Pourtant, à mesure que se déroule le récit, Le Procès du Chien prend par la suite des allures plus sérieuses et laisse place à une réflexion sociétale et existentialiste que l’on ne voit pas venir. Le film intègre une dimension anthropologique et philosophique intelligente et profondément captivante qui offre une épaisseur maline à l’ensemble. La condamnation sans sourciller de ce chien mordeur mérite en effet réflexion, notamment sur le rôle des hommes qui gravitent autour de lui et de leurs comportements à son égard. Un chien n’est pas un homme, on ne peut donc attendre de lui qu’il se comporte comme tel. Et plutôt que de le condamner, ne faut-il pas plutôt essayer de le comprendre ?

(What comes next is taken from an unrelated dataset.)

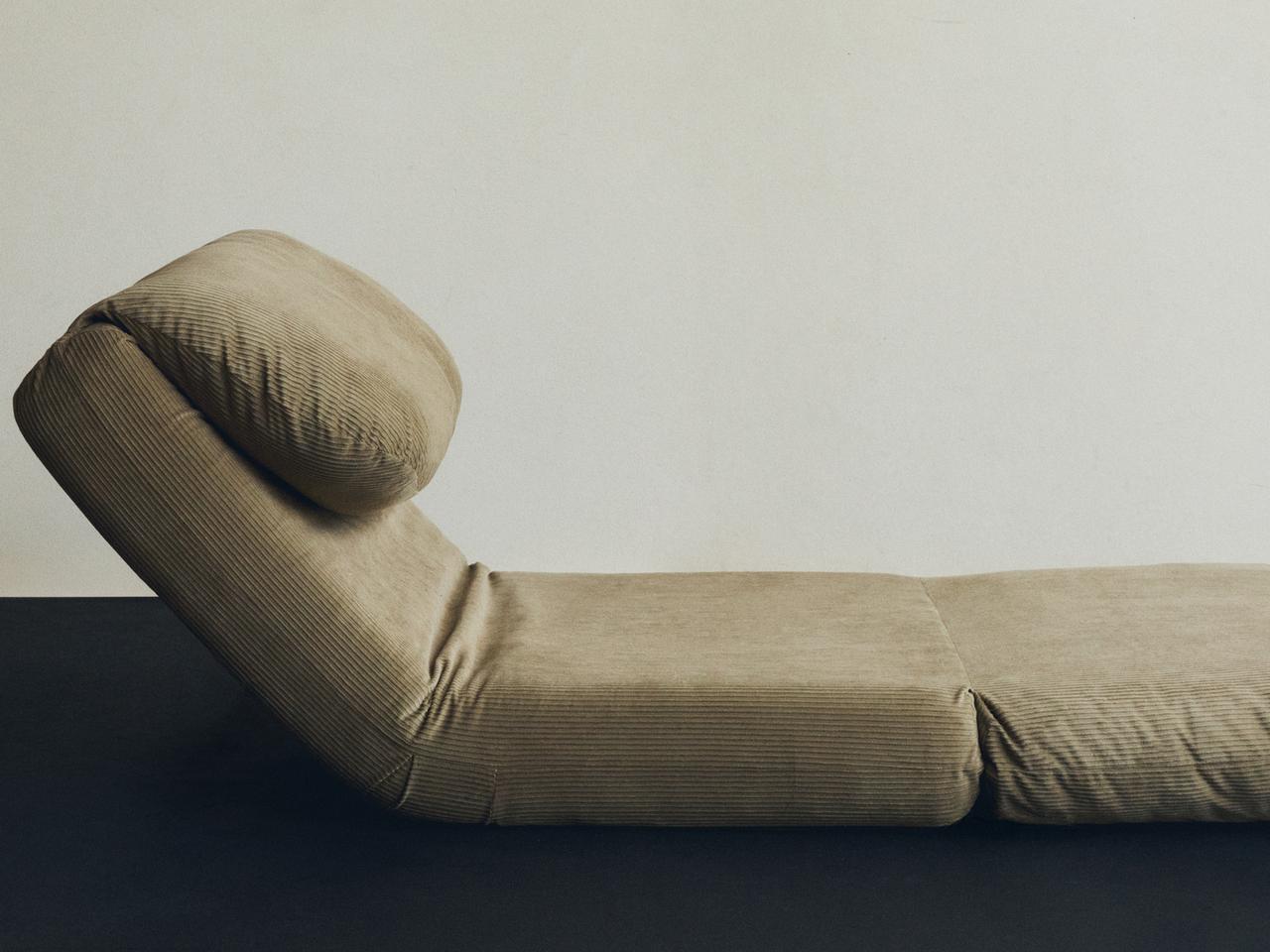 FOLDING CORDUROY CHAIR — Green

Nos rires, parfois benêts, laissent rapidement place à de multiples réflexions sur notre rapport au vivant, à l’Homme, au féminisme, à l’écologie, au libre arbitre ou encore à la différence. Et malgré quelques imperfections, notamment dans sa mise en scène plutôt académique et quelques sentiments d’allers-retours narratifs superflus, Le Procès du Chien charme par sa profonde générosité et les nombreuses pistes réflectives qu’il propose. Notre rapport aux autres, et plus généralement au monde, ne sort pas indemne de cette fable humano animale touchante qui cristallise par ailleurs la violence humaine et notre étroitesse d’esprit sur certains sujets.

Avec Le Procès du Chien, Lætitia Dosch réussit son passage derrière la caméra et livre une fable singulière et pleine de fantaisie qui explore brillamment notre rapport au vivant.